Provided data section start
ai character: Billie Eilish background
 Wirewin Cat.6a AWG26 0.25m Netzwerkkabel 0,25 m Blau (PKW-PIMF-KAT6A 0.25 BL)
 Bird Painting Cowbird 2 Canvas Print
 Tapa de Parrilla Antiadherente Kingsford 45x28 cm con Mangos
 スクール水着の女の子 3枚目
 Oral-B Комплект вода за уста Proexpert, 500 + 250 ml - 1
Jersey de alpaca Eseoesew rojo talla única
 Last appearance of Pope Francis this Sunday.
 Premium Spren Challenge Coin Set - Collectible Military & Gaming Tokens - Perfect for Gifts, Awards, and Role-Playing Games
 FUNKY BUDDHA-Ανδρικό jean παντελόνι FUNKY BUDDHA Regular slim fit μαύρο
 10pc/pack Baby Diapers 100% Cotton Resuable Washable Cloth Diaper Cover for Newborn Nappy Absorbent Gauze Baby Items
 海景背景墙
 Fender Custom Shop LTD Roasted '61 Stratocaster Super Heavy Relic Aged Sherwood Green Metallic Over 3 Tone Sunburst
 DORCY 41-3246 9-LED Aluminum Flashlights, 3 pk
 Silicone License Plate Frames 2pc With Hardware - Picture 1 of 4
Provided data section end
Restate word for word the lines of the data above, starting at the line containing "Premium Spren Challenge" and ending at the line containing "FUNKY BUDDHA-Ανδρικό jean", both included, and nothing more.

* Your solution
 Premium Spren Challenge Coin Set - Collectible Military & Gaming Tokens - Perfect for Gifts, Awards, and Role-Playing Games
 FUNKY BUDDHA-Ανδρικό jean παντελόνι FUNKY BUDDHA Regular slim fit μαύρο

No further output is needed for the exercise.